Think for a second about cultures that might not value the future as we do. They live one day after the other, bound to the scarcity or abundance of their contexts. This is the case of the Pirahã tribe in the Amazon. According to linguist Dan Everett (2017), the Pirahã have developed a simple language based on just a few sounds, which gave them all the necessary resources to communicate effectively about their way of life. They do not have numerals, a distinction about the future and the past, or mythology. They are stuck in the present so to speak. They are limited by the boundaries of their empirical existence. They focus on what they can see and hear right in front of them or through someone else’s senses. Here is the thing: even though they do not place a lot of focus on the distant future and do not really plan it, they still experience time as a succession of events but that’s part of human biology. They can even refer to the future are something that would translate into “far time”

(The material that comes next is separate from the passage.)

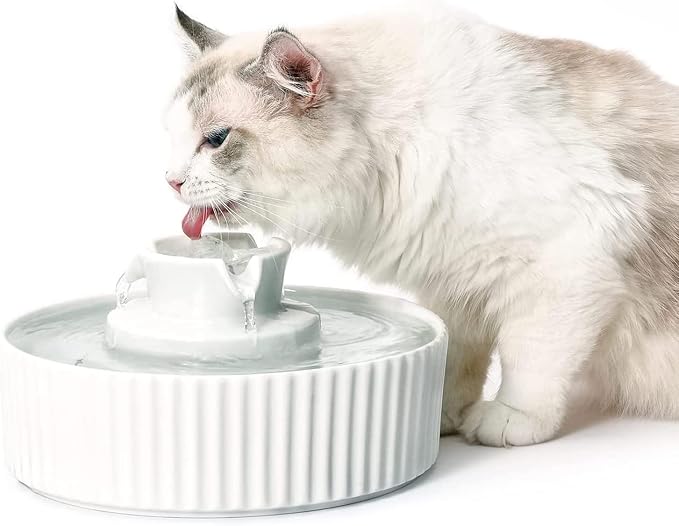 2.1L Ceramic Cat Water Fountain-for Cats and Dogs, 360 Ceramic Pet Fountain-70 Oz Large Water Capacity - Whisper-Quiet Water Flow-Great for Shy or Timid Pets - Fresh, Filtered Water（White）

Now think of the time perception of a child. Children are hedonistic little people, very much like the Pirahã, trapped in the present. But that has to do with their underdeveloped prefrontal cortex. Although a four or five-year-old can understand the notion of a future, they cannot really conceptualize such an abstract idea that is too distant from their lived reality. Imagine then an ape and how we could possibly teach them the notion of, let’s say, millions of years ago or say that in many billion years our sun is bound to consume its energy and explode. Their existence and lack of language wouldn’t allow them to understand let alone rewire their brains to start experiencing time in a different way because even if we tried as hard as we could, they would simply lack the cognition to comprehend such abstractions. 

That might be the case for Amy Adams. In the film, she’s the ape and the aliens are the humans. If we consider language a vessel to convey our thoughts and perceptions, we will have to stick to the idea that no language, human or alien, will ever be able to fundamentally change how we experience the physical world when it comes to the limits of our existence. For now, the concept that a language can “unlock” hidden cognitive potential that could substantially transform the fabric of space-time and all the matter within right before our eyes will have to stay in the sci-fi section of our favorite streaming provider and books.